Na negociação, passou-se a perna no gestor que durante um longo período liderou a Exame. Coube a mim falar pessoalmente com o derrotado. Lembro-me da alegria e do entusiasmo com que me pediram para ouvi-lo. Parecia a queda da Bastilha e eu perguntando para Maria Antonieta: “Vem cá, o que você tem a dizer após essa homérica puxada de tapete, às vésperas de perder o pescoço na guilhotina?”

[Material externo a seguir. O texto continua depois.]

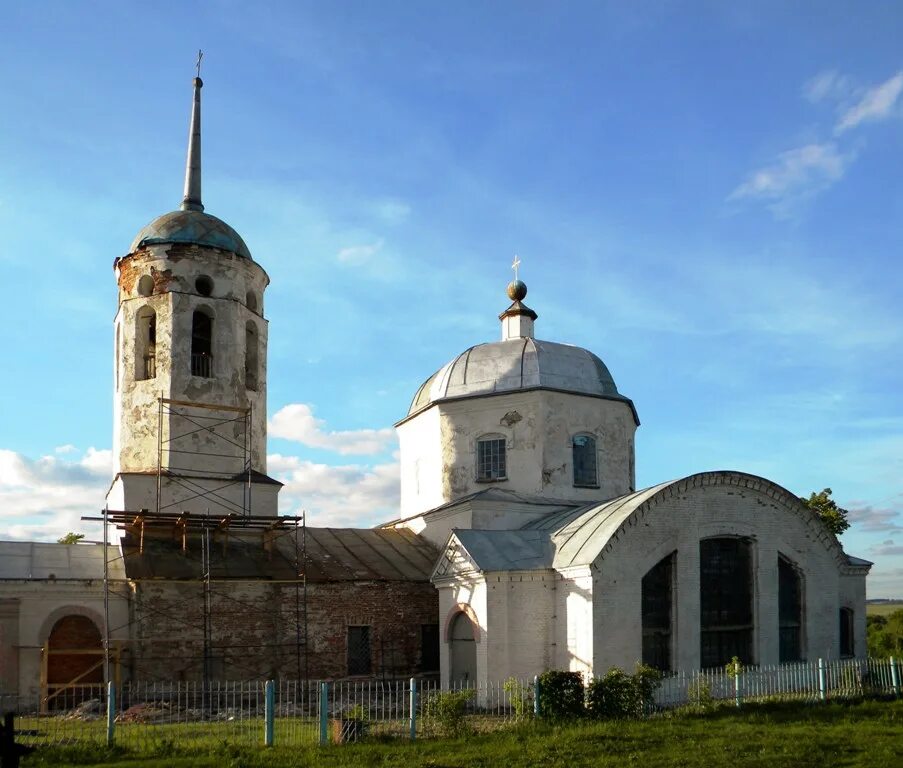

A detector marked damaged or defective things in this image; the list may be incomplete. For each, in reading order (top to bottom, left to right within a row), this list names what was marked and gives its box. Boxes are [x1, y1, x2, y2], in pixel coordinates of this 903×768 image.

peeling plaster wall [114, 243, 268, 476]
peeling plaster wall [396, 390, 636, 520]
peeling plaster wall [130, 580, 438, 680] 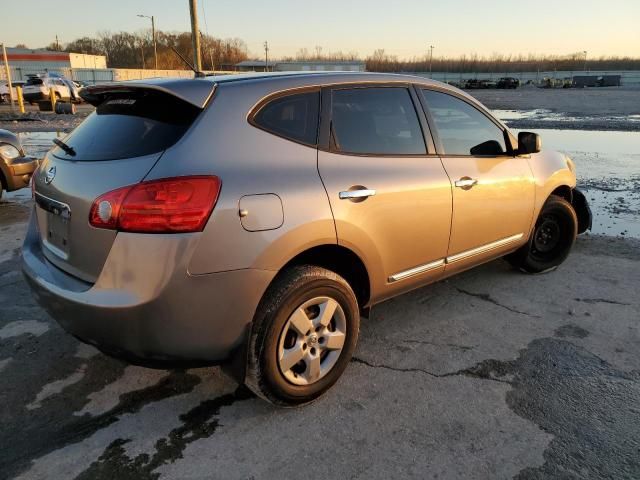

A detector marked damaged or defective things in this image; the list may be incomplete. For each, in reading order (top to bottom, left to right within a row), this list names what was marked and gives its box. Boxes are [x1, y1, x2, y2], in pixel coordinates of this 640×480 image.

cracked asphalt [1, 197, 640, 478] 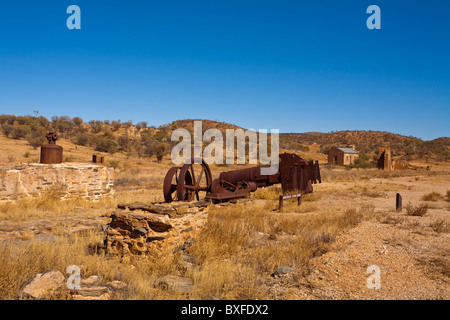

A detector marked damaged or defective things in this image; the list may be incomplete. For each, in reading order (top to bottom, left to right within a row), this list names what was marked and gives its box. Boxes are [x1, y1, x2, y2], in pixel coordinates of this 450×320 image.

cylindrical rusty tank [40, 131, 62, 164]
rusty mining machinery [162, 152, 320, 202] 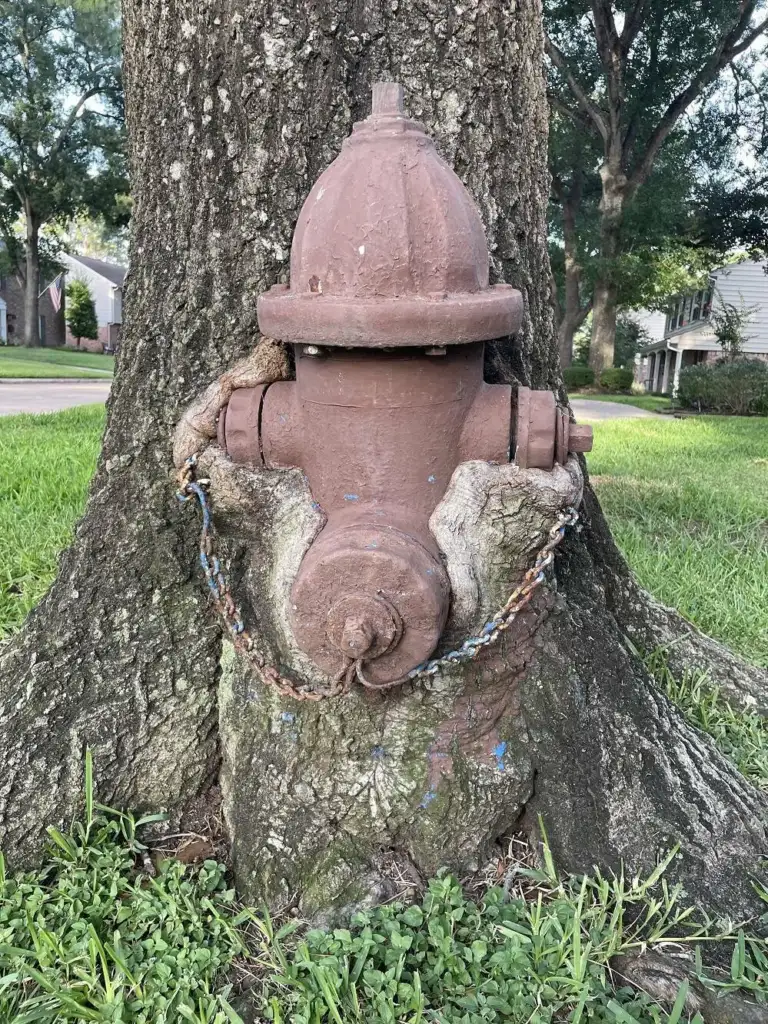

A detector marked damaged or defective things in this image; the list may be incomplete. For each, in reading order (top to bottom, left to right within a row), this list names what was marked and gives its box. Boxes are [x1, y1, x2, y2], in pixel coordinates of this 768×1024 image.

rusty chain [179, 452, 577, 700] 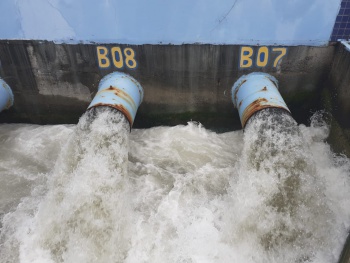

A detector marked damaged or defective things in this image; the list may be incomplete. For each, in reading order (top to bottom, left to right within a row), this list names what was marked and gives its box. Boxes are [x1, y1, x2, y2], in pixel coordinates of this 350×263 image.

Desconheço os dilemas internos da operação. Apenas me perguntava por que a Santíssima Trindade de VEJA estava tão feliz. Não percebiam que a Abril começava a dar um tiro no pé ao entregar de bandeja o portal online da Abril, o BOL, que passava às mãos da Folha de S. Paulo, em uma mal explicada fusão com o Universo On line?
O alto escalão festejava a derrocada da iniciativa digital do grupo. Me olhavam à distância, rindo da desgraça do rival, que havia sido meu gestor na Info Exame, a revista do próprio grupo, e que reunia um celeiro de profissionais inovadores de primeira grandeza, entre jornalistas, engenheiros, programadores, designers e animadores. A começar do maior de todos eles, Carlos Machado, o editor de fato da principal revista de computação do país, e que, por ser negro, nunca combinou com a diretoria monocromática do maior império editorial que já tivemos no país.
Era como se tecnologia fosse coisa pouco séria. Me lembro da tortura que foi argumentar que internet não era coisa de nerd, de sujos&feios&gordos sem noção que não conseguiam namorar e se escondiam por trás de uma tela.
Jornalistas digitais sempre ocuparam a periferia das redações. Não era diferente na maior revista do país. Aliás, não foi diferente no jornal Folha de S. Paulo, no desprestigiado setor de suplementos, onde ficava o caderno de Informática e onde comecei a escrever sobre negócios digitais. Era uma publicação com muitos anunciantes, e pouco ou nenhum prestígio durante muito, muito tempo.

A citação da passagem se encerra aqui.